A Chinook military helicopter was used to ferry riot police to reinforce the others where the fence was breached.

And there were clashes with riot police in the village, with demonstrators using police fencing to protect themselves from baton charges by riot police with plastic shields.

Referring to the G8 leaders, Galloway had said earlier: ‘These criminals won’t be wearing hoods, they won’t be wearing masks but they are responsible for the deaths of millions of people around the world by their globalised capitalism, by their wars and their exploitation of the world’s resources and its environment.

‘If the police want to do the world a favour go and arrest them all now.’

He said: ‘We’re speaking for the Iraqis, the Palestinians and Afghan people – all those living under violent occupation.

‘We’re going to march and we’re going to raise our voices against the criminals in Gleneagles.’

Galloway said he will be ‘asking pointed questions’ in Parliament today about the actions of the authorities.

Demonstrator Simon Jones from Liverpool told News Line: ‘The G8 are really scared about what’s going on, that’s why they’ve had to clamp down so hard on all the demonstrations.
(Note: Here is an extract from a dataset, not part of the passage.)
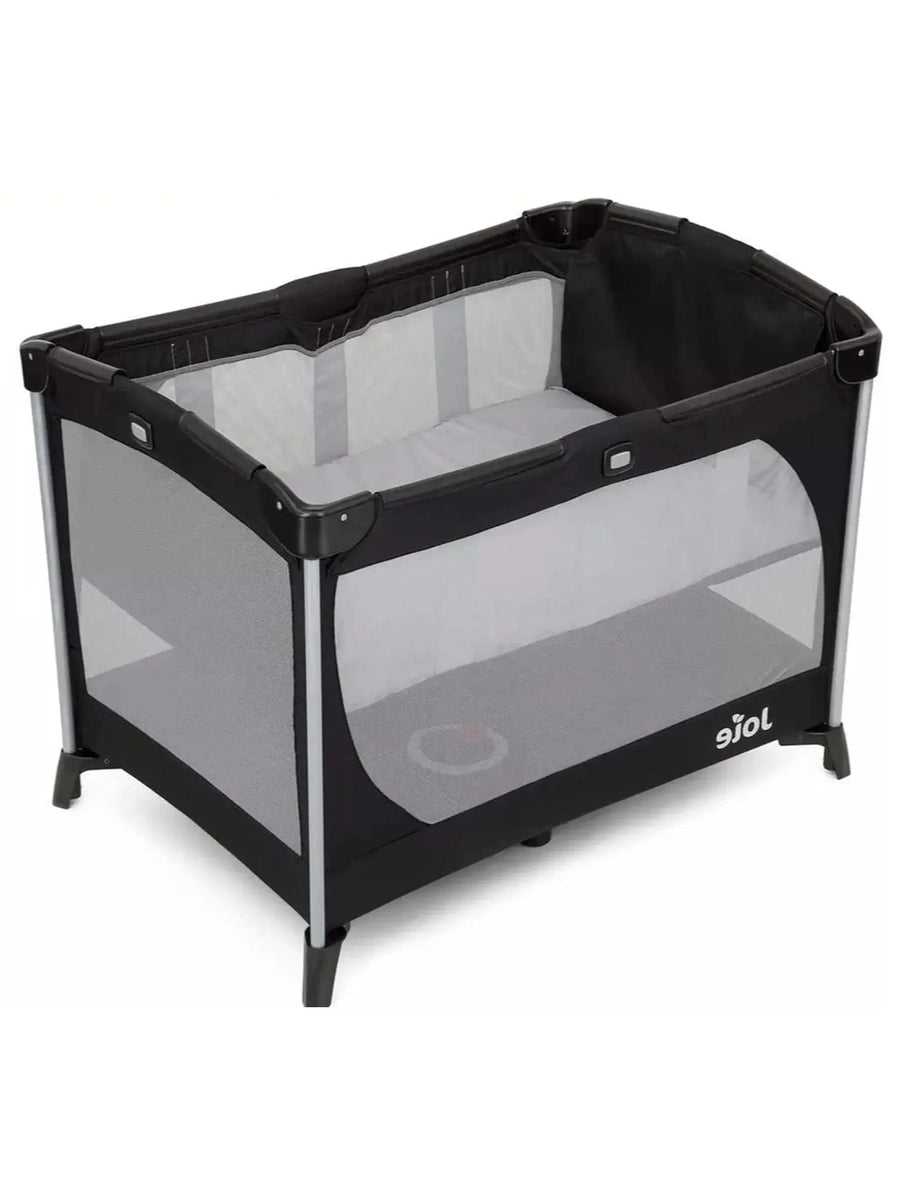 Joie Allura Travel Cot with Bassinet | Lightweight Foldable Travel Crib | From Birth to 15kg Joie Mama's Joy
‘There’s only one way that poverty can be made history and that’s to get rid of private ownership of production I think we need to go forward to a socialist society.’

Tony Thornton, branch secretary of City of Plymouth UNISON, who brought their banner, said: ‘We’ve got three coaches up from Plymouth at the weekend and today because what’s happening around the world is also happening to us.’

Earlier coach loads of marchers had been stopped for hours on the road before they were allowed to proceed to Auchterarder under an escort of dozens of police vans.

In Edinburgh over 1,000 people, hoping to get on the coaches to the demonstration were turned back and held an impromptu demonstration in Princes Street in protest.

On the way to the demonstration, Trevor Ngwane from Soweto in south Africa told News Line: ‘Most of the world’s problems starting with slavery, colonialism and apartheid is because of the capitalist system.

‘It’s a system that puts profits before the needs of people.’

Prime Minister Tony Blair held a joint press conference in Edinburgh yesterday with Bob Geldof and fellow singer Bono.

Geldof said Blair has the ‘biggest democratic mandate in history’ to press G8 leaders hard for an African aid deal or run the risk of a ‘terrible human failure’.

Blair stressed the need to link climate change and helping Africa take a bigger slice of global trade. He also said he wanted to see ‘a firm understanding to end the trade distorting subsidies’.

Bono urged the G8 leaders to consider extra measures, targeted for example on the education of girls and the fight against malaria.